(MATERIAL FOR THIS EXERCISE)

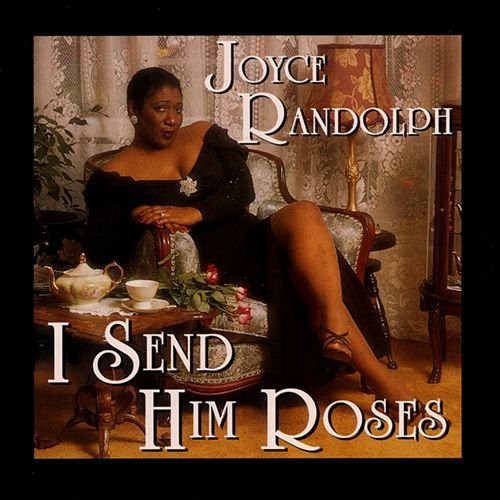 Joyce Randolph - I Send Him Roses
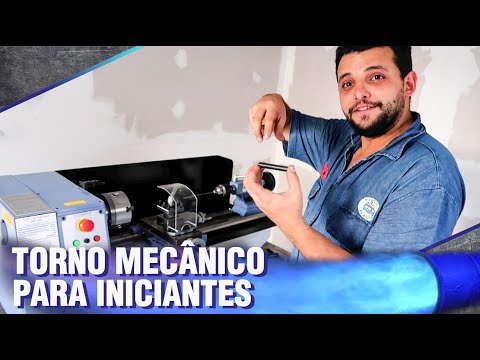 TORNO MECÂNICO - O GUIA COMPLETO PARA INICIANTES E HOBBISTAS - COMO USINAR PEÇAS - MANROD MR-330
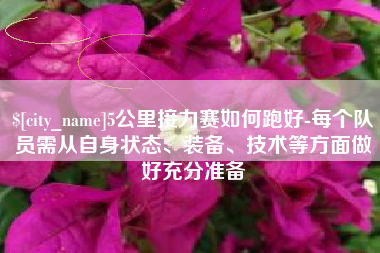 阿克苏5公里接力赛如何跑好-每个队员需从自身状态、装备、技术等方面做好充分准备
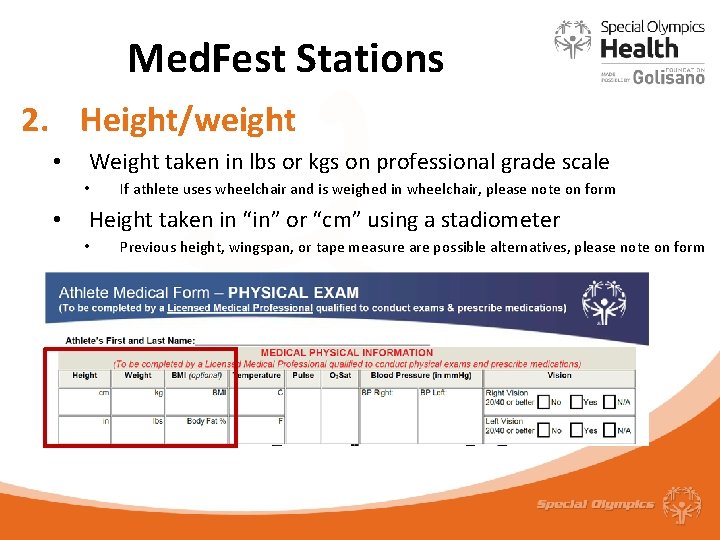 Med. Fest Stations 2. Height/weight • Weight taken in lbs or kgs on professional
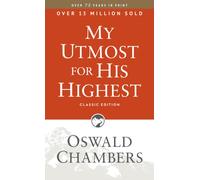 My Utmost for His Highest : Classic Language Paperback (A Daily Devotional with 366 Bible-Based Readings)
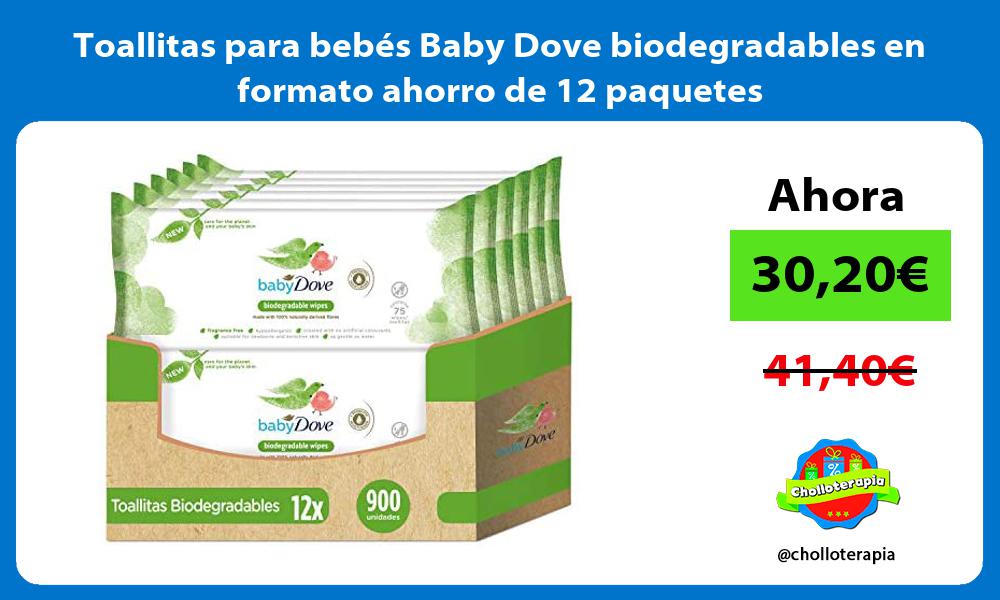 Toallitas para bebés Baby Dove biodegradables en formato ahorro de 12 paquetes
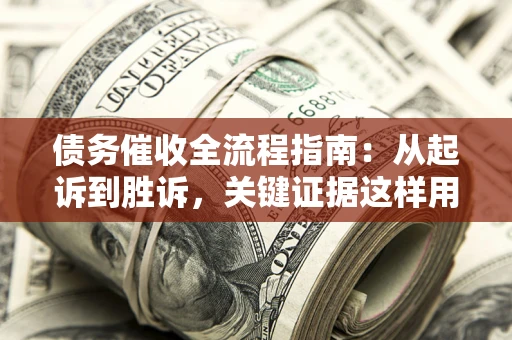 济南债务催收全流程指南：从起诉到胜诉，关键证据这样用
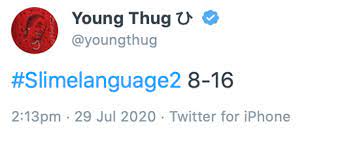 Take it to trial feat. Young Thug Announces Slime Language 2 Release Date Rap Up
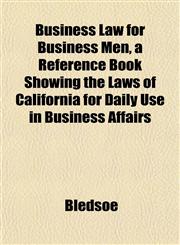 Business Law for Business Men, a Reference Book Showing the Laws of California for Daily Use in Business Affairs,1151924032,9781151924032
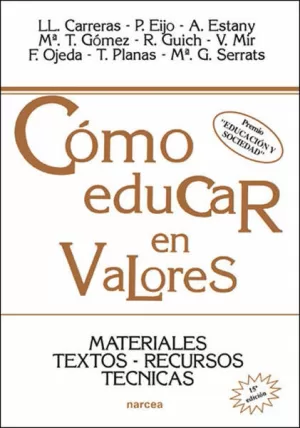 CÓMO EDUCAR EN VALORES CÓMO EDUCAR EN VALORES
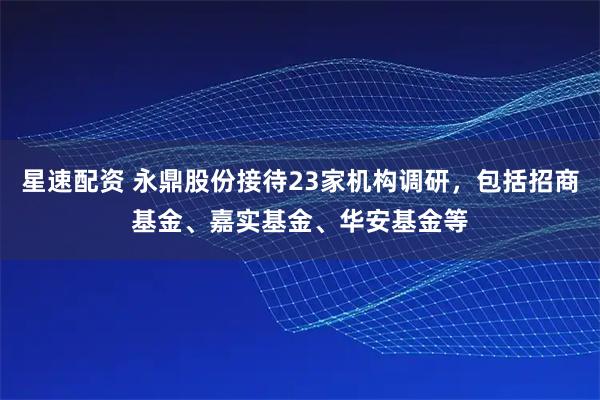 星速配资 永鼎股份接待23家机构调研,包括招商基金、嘉实基金、华安基金等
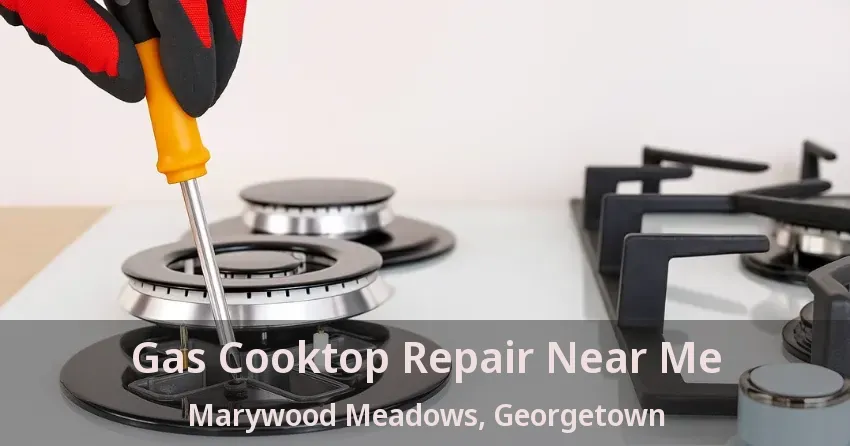 Gas Cooktop Repair Near Me Marywood Meadows, Georgetown - ON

(End MATERIAL FOR THIS EXERCISE)

Could you set down every record above exactly as written, leaving out the pictures?

 Joyce Randolph - I Send Him Roses
 TORNO MECÂNICO - O GUIA COMPLETO PARA INICIANTES E HOBBISTAS - COMO USINAR PEÇAS - MANROD MR-330
 阿克苏5公里接力赛如何跑好-每个队员需从自身状态、装备、技术等方面做好充分准备
 Med. Fest Stations 2. Height/weight • Weight taken in lbs or kgs on professional
 My Utmost for His Highest : Classic Language Paperback (A Daily Devotional with 366 Bible-Based Readings)
 Toallitas para bebés Baby Dove biodegradables en formato ahorro de 12 paquetes
 济南债务催收全流程指南：从起诉到胜诉，关键证据这样用
 Take it to trial feat. Young Thug Announces Slime Language 2 Release Date Rap Up
 Business Law for Business Men, a Reference Book Showing the Laws of California for Daily Use in Business Affairs,1151924032,9781151924032
 CÓMO EDUCAR EN VALORES CÓMO EDUCAR EN VALORES
 星速配资 永鼎股份接待23家机构调研,包括招商基金、嘉实基金、华安基金等
 Gas Cooktop Repair Near Me Marywood Meadows, Georgetown - ON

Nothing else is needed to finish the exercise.